* [What you have to do]:
Once the line holding "A close-up overhead" appears, repeat it and each line after it to the end of the data, exactly and with nothing else; pictures stay out.
[Information provided — start]
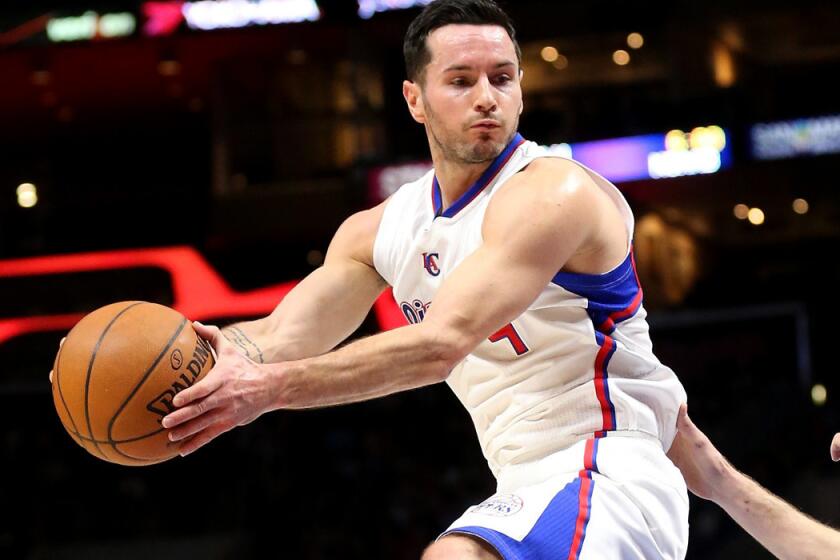 Clippers guard J.J. Redick pulls down a rebound against the Knicks on Wednesday night at Staples Center.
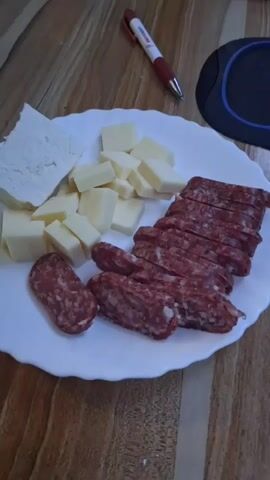 A close-up overhead shot displays a white plate of food on a wooden surface. The plate contains several types of cheese and sliced salami. To the left of the plate are two larger pieces of white cheese, one appearing crumbly and the other smoother. In the center, several cubes of yellow cheese are arranged. To the right, thin slices of red salami are neatly stacked. In front of the salami slices are two smaller, whole salami sausages. A red and white pen rests in the background, along with a black circular object. The lighting is soft, and the focus is on the food.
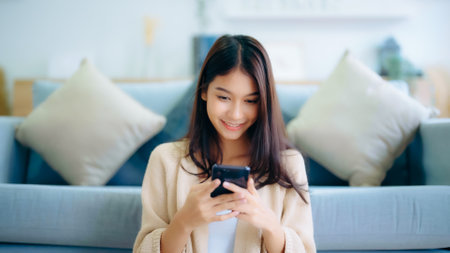 Happy young asian woman relax on comfortable couch at home texting messaging on smartphone, smiling girl use cellphone, chatting online message, shopping online from homeの写真素材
[Information provided — finish]
* [Exercise output]:
 A close-up overhead shot displays a white plate of food on a wooden surface. The plate contains several types of cheese and sliced salami. To the left of the plate are two larger pieces of white cheese, one appearing crumbly and the other smoother. In the center, several cubes of yellow cheese are arranged. To the right, thin slices of red salami are neatly stacked. In front of the salami slices are two smaller, whole salami sausages. A red and white pen rests in the background, along with a black circular object. The lighting is soft, and the focus is on the food.
 Happy young asian woman relax on comfortable couch at home texting messaging on smartphone, smiling girl use cellphone, chatting online message, shopping online from homeの写真素材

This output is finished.